TASK BRIEF
I need the entries printed again word for word, without the images.

SOURCE DATA
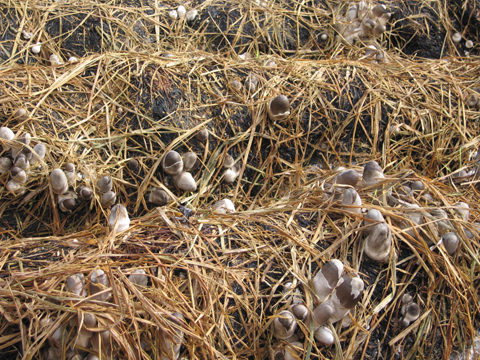 Máy phun sương tưới nấm Giải pháp hiệu quả cho việc trồng nấm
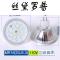 12vled灯杯220v插脚射灯mr11led灯杯12v暖白光替换卤素灯MR16(GU5._6 MR16(GU5.3)110V面径50MM加罩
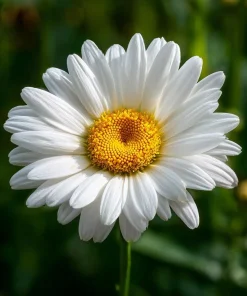 Alaska Shasta Daisy Seeds - 100 Seeds - Classic White Perennial Flowers - Image 4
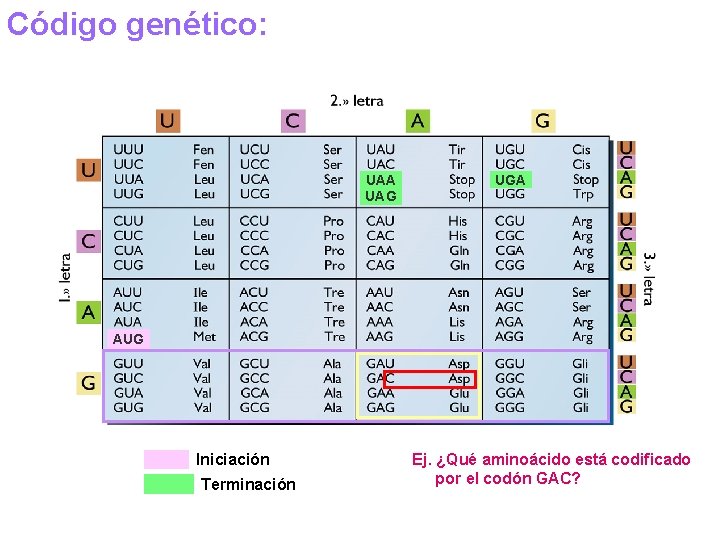 Código genético: UAA UAG UGA AUG Iniciación Terminación Ej. ¿Qué aminoácido está codificado por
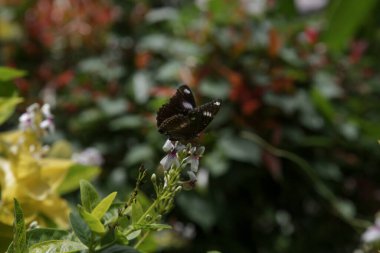 Bahçedeki siyah kelebek, açık hava fotoğrafı.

TASK RESPONSE
 Máy phun sương tưới nấm Giải pháp hiệu quả cho việc trồng nấm
 12vled灯杯220v插脚射灯mr11led灯杯12v暖白光替换卤素灯MR16(GU5._6 MR16(GU5.3)110V面径50MM加罩
 Alaska Shasta Daisy Seeds - 100 Seeds - Classic White Perennial Flowers - Image 4
 Código genético: UAA UAG UGA AUG Iniciación Terminación Ej. ¿Qué aminoácido está codificado por
 Bahçedeki siyah kelebek, açık hava fotoğrafı.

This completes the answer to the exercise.